Semangat pantang menyerahnya selalu memberiku harapan dan mengingatkanku pada lelaki tua itu.

“Aku bisa dengan mudah menjadi penjahat demi dia.”

aku mengenalnya sebelum kemunduran aku, ketika dia dituding dan disebut sebagai 'main hakim sendiri' selama bertahun-tahun, dan menderita cukup banyak luka dan cedera.

Jadi sekarang, Mila mungkin sangat membutuhkan musuh. Penjahat yang sempurna untuk menonjolkan Mila sebagai kebaikan yang sempurna.

“Raquel Dra… seharusnya sudah cukup menjadi musuh.”

Aku kembali menatap Akane.
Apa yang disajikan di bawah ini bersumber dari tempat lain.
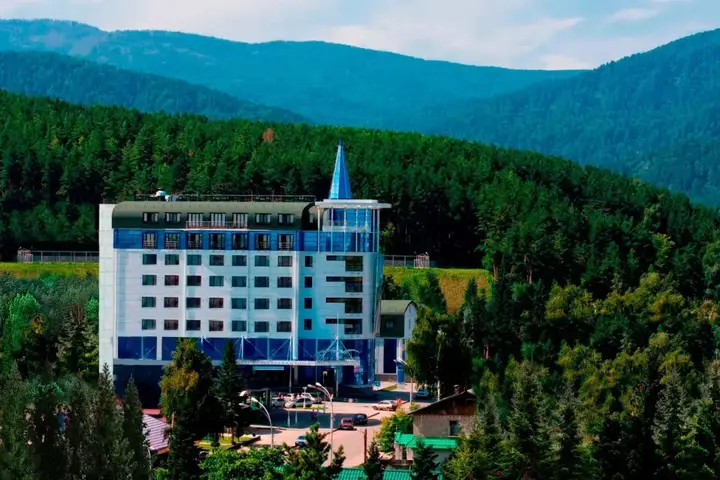 Белокуриха: Отель Курортный Беловодье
Dia dengan tenang menunjuk ke konter (Peti Mati Tanpa Pamrih).

“Kalau begitu lihatlah sekeliling. Peralatan sangat penting untuk aktivitas kamu.”

“…Bisakah kamu memberiku diskon?”

Akane mengangkat jari tengahnya.

“Hadiah di file kamu adalah 150.000 Ren. Cicilan dimungkinkan.”

“…Kapan kamu melihatnya?”

Yah, berapa pun harganya, Artefak Akane semuanya unggul. Barang mewah yang tidak bisa dibeli meski dengan uang. Terlebih lagi, mereka tidak ‘terdaftar’ dengan benar, sehingga tidak dapat dilacak.

“Aku akan melihat-lihat saja sekarang. Tidak apa-apa, kan?”

“Jangan ragu.”

Akane dengan cepat mengambil posisi melayani pelanggan.